Task instructions> Omit all images, then repeat exactly the lines below from the one containing "Патрон нарезной БПЗ" through the one containing "Встраиваемый светильник Ambrella", both ends included.

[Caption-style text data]
__________________________________________________

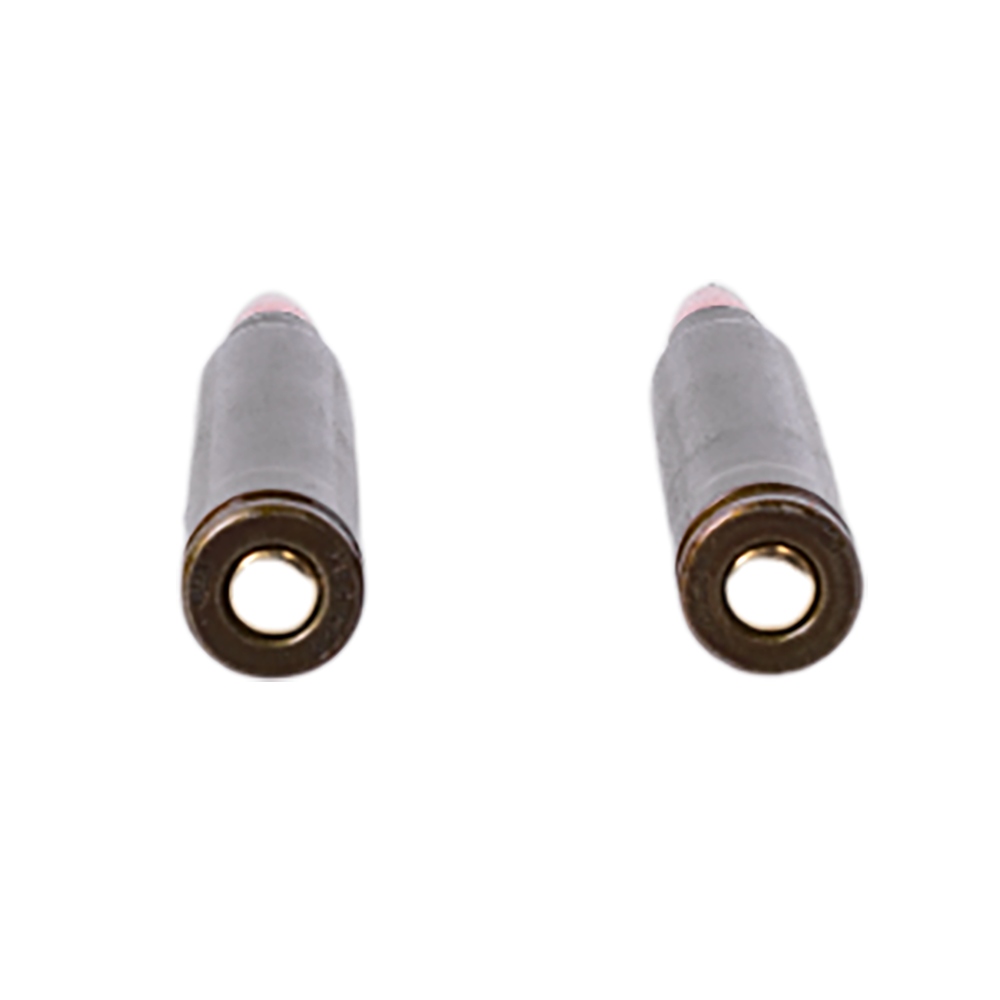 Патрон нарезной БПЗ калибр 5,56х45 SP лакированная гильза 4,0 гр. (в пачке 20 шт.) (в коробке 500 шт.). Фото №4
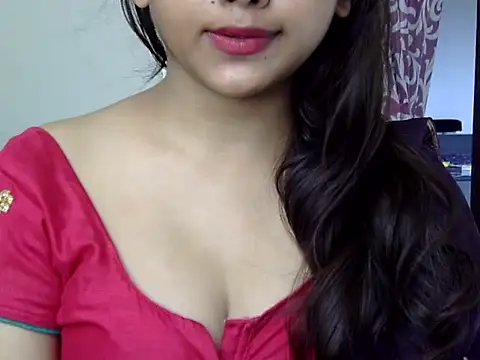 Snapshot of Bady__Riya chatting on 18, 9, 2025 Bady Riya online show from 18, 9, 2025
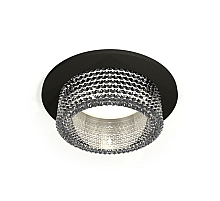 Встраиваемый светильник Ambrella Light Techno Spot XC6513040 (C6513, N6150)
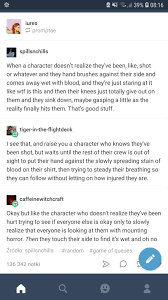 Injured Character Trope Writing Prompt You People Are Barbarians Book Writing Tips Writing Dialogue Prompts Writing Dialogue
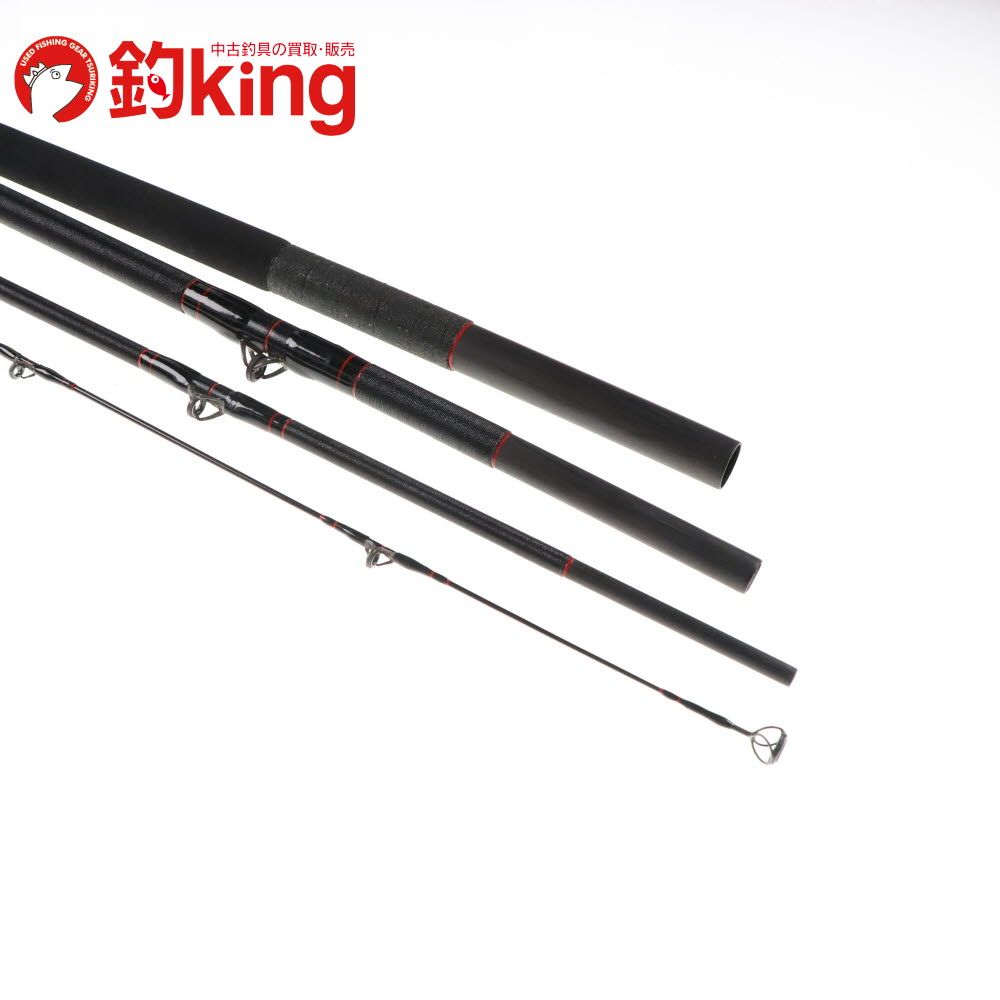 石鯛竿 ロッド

__________________________________________________

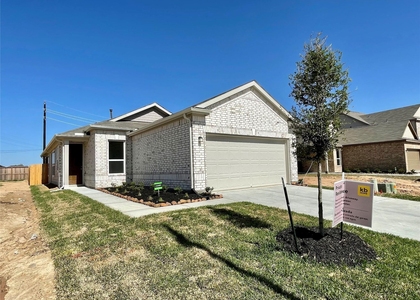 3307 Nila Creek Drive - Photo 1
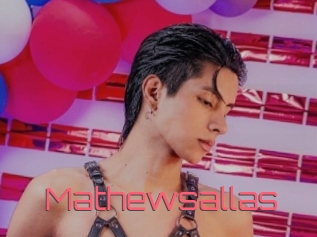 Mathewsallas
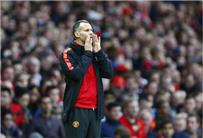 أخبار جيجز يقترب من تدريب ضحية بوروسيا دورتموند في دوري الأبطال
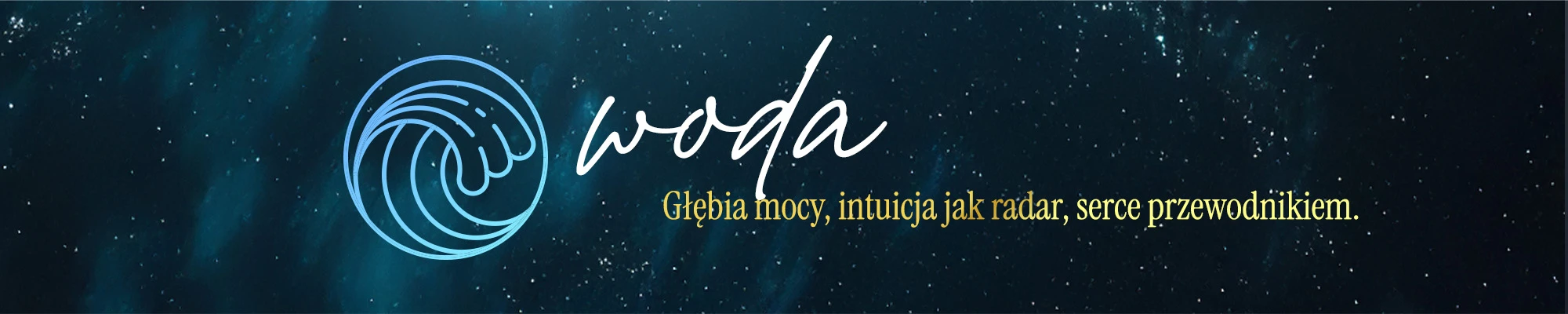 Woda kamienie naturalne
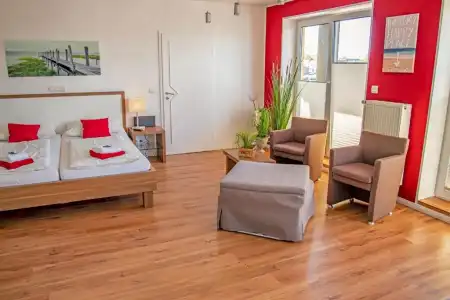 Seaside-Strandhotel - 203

__________________________________________________

Answer below>
 Патрон нарезной БПЗ калибр 5,56х45 SP лакированная гильза 4,0 гр. (в пачке 20 шт.) (в коробке 500 шт.). Фото №4
 Snapshot of Bady__Riya chatting on 18, 9, 2025 Bady Riya online show from 18, 9, 2025
 Встраиваемый светильник Ambrella Light Techno Spot XC6513040 (C6513, N6150)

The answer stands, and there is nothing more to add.